--- Exercise material ---
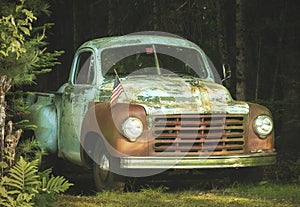 An abandoned Studebaker rests on the side of the road near Sugar Hill, New Hampshire. photo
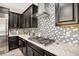 Modern kitchen with stainless steel appliances and granite countertops at 1557 Mistywood Ct, Henderson, NV 89014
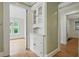 Hallway featuring built-in shelving, hardwood floors, and an open doorway at 203 Lucerne St, Decatur, GA 30030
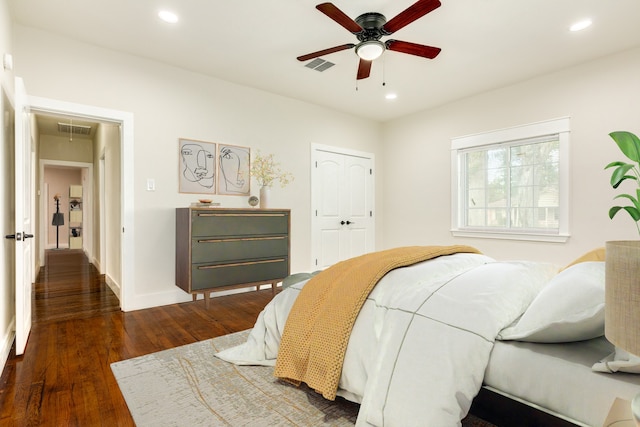 bedroom featuring dark hardwood / wood-style floors, a closet, and ceiling fan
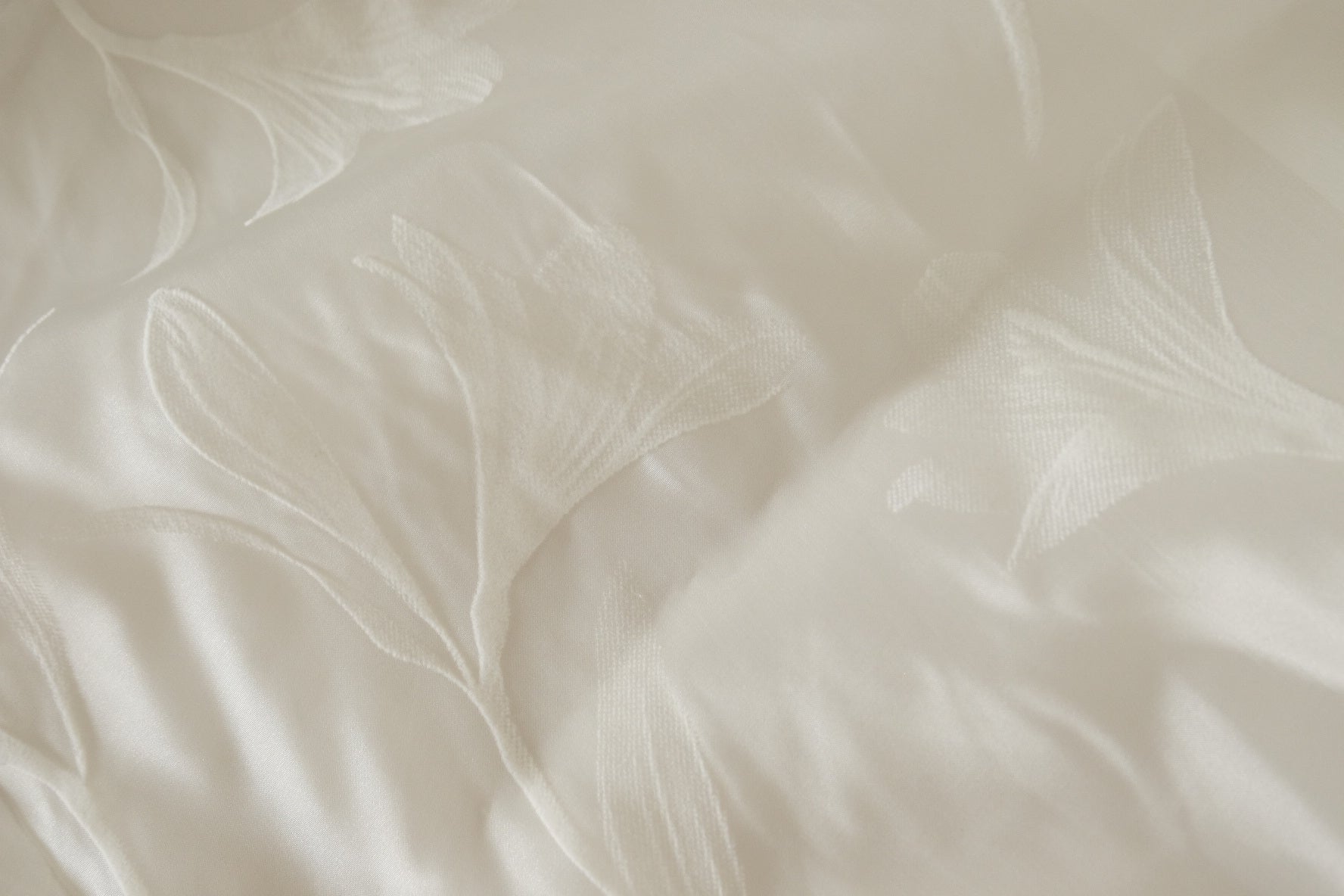 White Floral Flocked Polyester Mesh – 2.19 yd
---
Work instruction ->
All lines from the one containing "Hallway featuring built-in" to the last line of the records above, and no others, should be returned unchanged, without pictures.

The completed task ->
 Hallway featuring built-in shelving, hardwood floors, and an open doorway at 203 Lucerne St, Decatur, GA 30030
 bedroom featuring dark hardwood / wood-style floors, a closet, and ceiling fan
 White Floral Flocked Polyester Mesh – 2.19 yd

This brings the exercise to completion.